Yine bir meczup, Atatürk’e saldırmış... heykelinin sağına soluna küfürler yazmış... Allah’ı hoşnut edeceğini zanneden bu gafil, bu mendebur; Allah’ı değil, şeytanı sevindirmiş...

tabii bir de kendisine gizlice alkış tutan mutlu bir azınlığı...

Bilmeyen var mı?

O Atatürk ki;

Sakarya savaşında attan düşmüş, kaburga kemikleri kırılmıştı. Kendisine kesin istirahat tavsiye eden doktora... Hayır! Benim kaburga kemiğimin kırıldığı bu yerde Konstantin’in gururu kırılmadıkça, bana istirahat haramdır demişti...

O Atatürk ki;

İzmir’i işgal eden Yunan ordusunun baş komutanı Trikopis’i esir almış, ona misafir muamelesi yapmıştı. Kahve ikram etmiş ve Yunan ordusunun zaaflarını, Rum tercüman vasıtasıyla Trikopis’e bir bir anlatmıştı... Trikopis’in sen neredeydin Paşam sorusuna, ben sizin kılıçlarınızın parladığı noktadaydım demişti...

Bilmeyen var mı?

O Atatürk ki;

Vatan coğrafyamızın yarıdan fazlası işgal altında iken, Türkiye Büyük Millet Meclisinde, İngiliz ya da Amerikan mandası olmayı, kurtuluş yolu gören zevata... Hayır! “Toros dağlarının doruklarında tek bir Türkmen evinin bacası tüter halde kalmış ise, ben bu milletten umudumu kesmem; Bayrağımı göğsüme sarar, milletimin istiklâli uğrunda ölürüm!” diye haykırmıştı...

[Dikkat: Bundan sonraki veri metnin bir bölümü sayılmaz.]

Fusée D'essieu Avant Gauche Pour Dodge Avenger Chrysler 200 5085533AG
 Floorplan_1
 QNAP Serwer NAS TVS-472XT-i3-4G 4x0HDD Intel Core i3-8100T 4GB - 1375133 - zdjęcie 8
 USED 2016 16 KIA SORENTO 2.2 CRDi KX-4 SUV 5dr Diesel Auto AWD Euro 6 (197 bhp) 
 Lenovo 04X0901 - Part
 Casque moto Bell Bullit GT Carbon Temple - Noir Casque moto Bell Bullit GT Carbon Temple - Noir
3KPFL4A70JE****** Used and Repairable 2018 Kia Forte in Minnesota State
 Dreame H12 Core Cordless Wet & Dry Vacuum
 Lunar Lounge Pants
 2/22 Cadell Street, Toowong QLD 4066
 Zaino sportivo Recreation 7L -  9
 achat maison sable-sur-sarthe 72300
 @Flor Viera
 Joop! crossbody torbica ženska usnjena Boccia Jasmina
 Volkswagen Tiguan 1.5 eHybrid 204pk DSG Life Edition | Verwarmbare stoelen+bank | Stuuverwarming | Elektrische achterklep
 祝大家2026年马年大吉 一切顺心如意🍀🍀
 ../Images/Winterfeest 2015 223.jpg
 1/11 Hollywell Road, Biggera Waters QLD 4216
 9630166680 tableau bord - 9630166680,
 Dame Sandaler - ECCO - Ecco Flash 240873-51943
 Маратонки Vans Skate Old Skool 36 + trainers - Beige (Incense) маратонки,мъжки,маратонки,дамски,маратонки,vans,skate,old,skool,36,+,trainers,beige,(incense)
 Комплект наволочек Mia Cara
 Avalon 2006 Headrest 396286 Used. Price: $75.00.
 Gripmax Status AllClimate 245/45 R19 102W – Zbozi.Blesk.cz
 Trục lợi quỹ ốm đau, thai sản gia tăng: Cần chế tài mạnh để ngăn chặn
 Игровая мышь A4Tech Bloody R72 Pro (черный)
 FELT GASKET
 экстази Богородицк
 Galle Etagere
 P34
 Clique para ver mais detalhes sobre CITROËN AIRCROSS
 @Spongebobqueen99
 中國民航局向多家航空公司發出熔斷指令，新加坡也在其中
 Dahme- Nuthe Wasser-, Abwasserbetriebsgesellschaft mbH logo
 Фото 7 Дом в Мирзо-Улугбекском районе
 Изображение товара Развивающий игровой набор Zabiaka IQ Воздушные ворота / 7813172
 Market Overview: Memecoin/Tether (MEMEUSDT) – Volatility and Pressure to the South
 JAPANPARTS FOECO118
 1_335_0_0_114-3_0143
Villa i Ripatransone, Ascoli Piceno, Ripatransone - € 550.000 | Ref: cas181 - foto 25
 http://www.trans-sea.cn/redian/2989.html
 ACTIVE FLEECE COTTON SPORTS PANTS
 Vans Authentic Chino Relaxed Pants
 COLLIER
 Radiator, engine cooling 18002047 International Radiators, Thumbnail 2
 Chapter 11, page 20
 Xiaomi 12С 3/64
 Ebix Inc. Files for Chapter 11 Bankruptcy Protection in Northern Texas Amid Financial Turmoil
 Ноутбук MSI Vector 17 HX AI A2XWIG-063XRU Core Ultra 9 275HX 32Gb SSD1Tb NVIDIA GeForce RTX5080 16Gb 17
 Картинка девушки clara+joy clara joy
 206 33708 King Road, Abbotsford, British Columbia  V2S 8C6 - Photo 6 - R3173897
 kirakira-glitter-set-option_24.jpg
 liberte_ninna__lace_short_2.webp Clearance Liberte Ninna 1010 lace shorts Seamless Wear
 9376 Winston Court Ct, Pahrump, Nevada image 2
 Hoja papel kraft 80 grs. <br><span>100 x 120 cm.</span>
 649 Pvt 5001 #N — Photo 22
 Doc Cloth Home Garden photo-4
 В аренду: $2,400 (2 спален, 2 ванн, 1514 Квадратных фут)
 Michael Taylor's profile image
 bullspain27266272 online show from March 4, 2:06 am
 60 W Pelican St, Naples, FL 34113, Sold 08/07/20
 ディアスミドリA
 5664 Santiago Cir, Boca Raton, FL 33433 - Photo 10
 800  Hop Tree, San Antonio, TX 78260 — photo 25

Bir müddet sözü Hamdullah Suphi’ye bırakalım:

— Bu çıkış O’nu; etrafında kurşunların ıslık çaldığı, ateş ve kasırga uğrağı bir yere götürüp dikecekti...

Bu çıkış, belki harap bir vatan üstünde son kahramanın aradığı son şeref ve namus yolu, ölüm yolu idi...

.....

.....

Geçtiği yollarda, incecik ellerine, kahır görmüş köylülerin nasırlı elleri sarıldı; ninelerin dua İle titreyen dudakları dokundu... O’nun en güzel eserini yapan ellerine, öksüz çocukların göz yaşları döküldü...

Sözü niye uzatalım ki;

Yazarımız Hamdullah Suphi’nin de, benim de uzatarak anlatmaya çalıştığımız hakikati, Mustafa Duman kardeşim iki cümleyle anlatıvermişti...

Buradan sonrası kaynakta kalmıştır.